Conny Waters – AncientPages.com – Archaeologists have discovered a unique 9,00-year-old shrine in the Jordan Desert.
According to scientists the shrine “sheds an entirely new light on the symbolism, artistic expression as well as spiritual culture of these hitherto unknown Neolithic populations.”
This photo provided by Jordan Tourism Ministry shows two carved standing stones at a remote Neolithic site in Jordan’s eastern desert. A team of Jordanian and French archaeologists said Tuesday, Feb. 22, 2022, that it had found a roughly 9,000-year-old shrine. The ritual complex was found in a Neolithic campsite near large structures known as “desert kites,” or mass traps that are believed to have been used to corral wild gazelles for slaughter. Credit: Tourism Ministry via AP
Within the shrine were two carved standing stones bearing anthropomorphic figures, animal figurines, flints, and some 150 arranged marine fossils.

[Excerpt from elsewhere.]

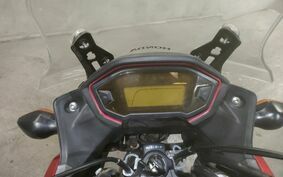 HONDA 400 X 2014 NC47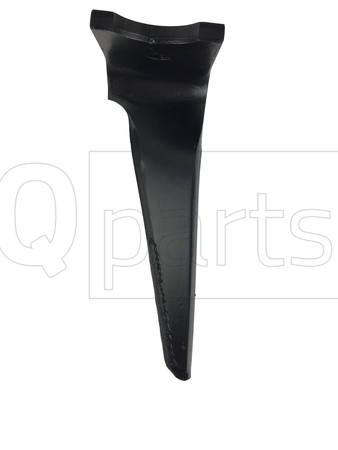 [CK000137H] Harrow Tine KVERNELAND 46 010 151H  R 100X15 HARDFACE Hardface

There is also a representation of the “desert kite,” as well as an altar, hearth, marine shells, and miniature model of the gazelle trap.
“Archaeologists believe the animal figurines were used in rituals to invoke supernatural forces for successful hunts,” the Jerusalem Post reports.
The shrine, located in the Khashabiyeh Mountains in the eastern Al-Jafr Basin was unearthed inside a larger campsite called the South Eastern Badia Archaeological Project (SEBA) by a French-Jordanian team.
Credit: Tourism Ministry via AP
The Neolithic complex was found “near large structures known as “desert kites,” or mass traps that are believed to have been used to corral wild gazelles for slaughter.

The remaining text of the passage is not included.